● **What you have to do**
Transcribe, without alteration, the line that includes "Decorator applying a" and each line after it until the records end, omitting all that precede it.

Scraped caption text data:

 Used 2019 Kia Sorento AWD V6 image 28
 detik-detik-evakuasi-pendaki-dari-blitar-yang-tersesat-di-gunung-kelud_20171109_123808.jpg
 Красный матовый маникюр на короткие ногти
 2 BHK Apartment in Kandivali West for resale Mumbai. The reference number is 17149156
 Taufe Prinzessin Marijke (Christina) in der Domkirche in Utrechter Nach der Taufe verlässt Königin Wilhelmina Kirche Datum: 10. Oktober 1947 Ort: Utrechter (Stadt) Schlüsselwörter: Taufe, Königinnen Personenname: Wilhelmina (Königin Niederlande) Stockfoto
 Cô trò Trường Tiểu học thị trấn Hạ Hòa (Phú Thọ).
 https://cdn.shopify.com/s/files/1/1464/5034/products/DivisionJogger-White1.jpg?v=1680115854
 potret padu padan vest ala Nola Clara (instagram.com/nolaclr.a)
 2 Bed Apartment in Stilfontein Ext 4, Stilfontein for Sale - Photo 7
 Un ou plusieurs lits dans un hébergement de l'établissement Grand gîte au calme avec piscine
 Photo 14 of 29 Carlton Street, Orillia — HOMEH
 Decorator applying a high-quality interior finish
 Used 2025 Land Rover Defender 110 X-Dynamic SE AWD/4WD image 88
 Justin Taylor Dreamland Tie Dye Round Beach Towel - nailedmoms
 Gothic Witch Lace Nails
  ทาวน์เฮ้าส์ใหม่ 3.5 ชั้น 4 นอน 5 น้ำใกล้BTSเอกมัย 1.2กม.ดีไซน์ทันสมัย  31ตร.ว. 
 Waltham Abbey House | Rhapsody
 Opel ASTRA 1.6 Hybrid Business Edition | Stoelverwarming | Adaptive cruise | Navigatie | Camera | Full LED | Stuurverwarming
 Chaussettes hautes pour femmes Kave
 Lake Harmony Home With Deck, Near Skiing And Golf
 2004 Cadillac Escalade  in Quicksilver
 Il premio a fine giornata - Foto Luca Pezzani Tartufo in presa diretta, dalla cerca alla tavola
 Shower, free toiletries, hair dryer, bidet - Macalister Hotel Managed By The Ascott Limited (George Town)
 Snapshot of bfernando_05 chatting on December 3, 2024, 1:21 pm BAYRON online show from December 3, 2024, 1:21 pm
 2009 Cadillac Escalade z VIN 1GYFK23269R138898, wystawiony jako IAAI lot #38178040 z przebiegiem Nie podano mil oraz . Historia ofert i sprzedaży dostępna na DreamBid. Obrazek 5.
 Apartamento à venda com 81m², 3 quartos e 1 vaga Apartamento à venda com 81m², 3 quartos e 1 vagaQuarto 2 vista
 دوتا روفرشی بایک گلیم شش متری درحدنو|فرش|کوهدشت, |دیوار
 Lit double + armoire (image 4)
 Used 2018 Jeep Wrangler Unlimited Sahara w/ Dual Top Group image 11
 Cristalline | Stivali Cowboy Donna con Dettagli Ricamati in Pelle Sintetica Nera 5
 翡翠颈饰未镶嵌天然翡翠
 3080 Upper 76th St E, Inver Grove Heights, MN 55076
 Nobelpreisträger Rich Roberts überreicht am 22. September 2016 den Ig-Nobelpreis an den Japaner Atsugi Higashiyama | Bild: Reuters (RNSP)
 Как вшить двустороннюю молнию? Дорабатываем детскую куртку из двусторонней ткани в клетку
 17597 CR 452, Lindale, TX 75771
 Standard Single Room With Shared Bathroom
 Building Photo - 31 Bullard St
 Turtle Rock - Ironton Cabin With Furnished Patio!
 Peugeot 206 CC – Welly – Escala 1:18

● **Written answer**
 Decorator applying a high-quality interior finish
 Used 2025 Land Rover Defender 110 X-Dynamic SE AWD/4WD image 88
 Justin Taylor Dreamland Tie Dye Round Beach Towel - nailedmoms
 Gothic Witch Lace Nails
  ทาวน์เฮ้าส์ใหม่ 3.5 ชั้น 4 นอน 5 น้ำใกล้BTSเอกมัย 1.2กม.ดีไซน์ทันสมัย  31ตร.ว. 
 Waltham Abbey House | Rhapsody
 Opel ASTRA 1.6 Hybrid Business Edition | Stoelverwarming | Adaptive cruise | Navigatie | Camera | Full LED | Stuurverwarming
 Chaussettes hautes pour femmes Kave
 Lake Harmony Home With Deck, Near Skiing And Golf
 2004 Cadillac Escalade  in Quicksilver
 Il premio a fine giornata - Foto Luca Pezzani Tartufo in presa diretta, dalla cerca alla tavola
 Shower, free toiletries, hair dryer, bidet - Macalister Hotel Managed By The Ascott Limited (George Town)
 Snapshot of bfernando_05 chatting on December 3, 2024, 1:21 pm BAYRON online show from December 3, 2024, 1:21 pm
 2009 Cadillac Escalade z VIN 1GYFK23269R138898, wystawiony jako IAAI lot #38178040 z przebiegiem Nie podano mil oraz . Historia ofert i sprzedaży dostępna na DreamBid. Obrazek 5.
 Apartamento à venda com 81m², 3 quartos e 1 vaga Apartamento à venda com 81m², 3 quartos e 1 vagaQuarto 2 vista
 دوتا روفرشی بایک گلیم شش متری درحدنو|فرش|کوهدشت, |دیوار
 Lit double + armoire (image 4)
 Used 2018 Jeep Wrangler Unlimited Sahara w/ Dual Top Group image 11
 Cristalline | Stivali Cowboy Donna con Dettagli Ricamati in Pelle Sintetica Nera 5
 翡翠颈饰未镶嵌天然翡翠
 3080 Upper 76th St E, Inver Grove Heights, MN 55076
 Nobelpreisträger Rich Roberts überreicht am 22. September 2016 den Ig-Nobelpreis an den Japaner Atsugi Higashiyama | Bild: Reuters (RNSP)
 Как вшить двустороннюю молнию? Дорабатываем детскую куртку из двусторонней ткани в клетку
 17597 CR 452, Lindale, TX 75771
 Standard Single Room With Shared Bathroom
 Building Photo - 31 Bullard St
 Turtle Rock - Ironton Cabin With Furnished Patio!
 Peugeot 206 CC – Welly – Escala 1:18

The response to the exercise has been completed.